The eye-hand coordination quantifier 646 of FIG. 6A receives the speed value and the accuracy value from the checker 655 at a results receiver 665. The results receiver 665 can provide those results to a scorer 670, which can assign an eye-hand coordination score to the user based on how the user's results compared to those of his or her peers. For example, if the user is in fifth grade, the scorer 670 can compare the user's results to those of other fifth graders. Continuing with the previous example, the scorer 670 could determine that the user's speed value of 90 was in the 67th percentile, leading to a speed score of 90, and that the user's accuracy value of 80 was in the 79th percentile, leading to an accuracy score of 79. The scorer 670 could then combine the two scores to create a composite eye-hand coordination score. For example, the scorer 670 could average 67 and 79 to get an eye-hand coordination score of 73. The scorer 670 could then provide the eye-hand coordination score of 73 to a feedback module, which could generate an instrument compatibility recommendation and provide it to the user as discussed in connection with FIGS. 2, 3A, and 3B.

Referring again to FIG. 6A, recommendation rules concerning a user's eye-hand coordination typically follow a familiar pattern. Typically, good eye-hand coordination is important for playing the flute, the clarinet, the oboe, the violin, the snare drum, and other similar instruments. On the other hand, eye-hand coordination is not as critical for playing the trombone, the euphonium, the tuba, and other similar instruments.

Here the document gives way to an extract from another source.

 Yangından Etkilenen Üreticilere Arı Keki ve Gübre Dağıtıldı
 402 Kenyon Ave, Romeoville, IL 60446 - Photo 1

FIG. 7 is a functional diagram of a musical ideas ability gatherer 728 and a musical ideas ability quantifier 750 that can be used in some embodiments of the present invention. The musical ideas ability gatherer 728 and the musical ideas ability quantifier 750 can be similar to those of FIG. 3A.

The musical ideas ability gatherer 728 of FIG. 7 is configured to gather musical ideas ability data from users by administering a test to the users. The musical ideas ability gatherer 728 includes a test administrator 760, which can be configured to cause a musical ideas ability test, along with suitable instructions, to be administered to the user. The test administrator 760 of FIG. 7 can have the same or similar functionality to that of FIG. 6A.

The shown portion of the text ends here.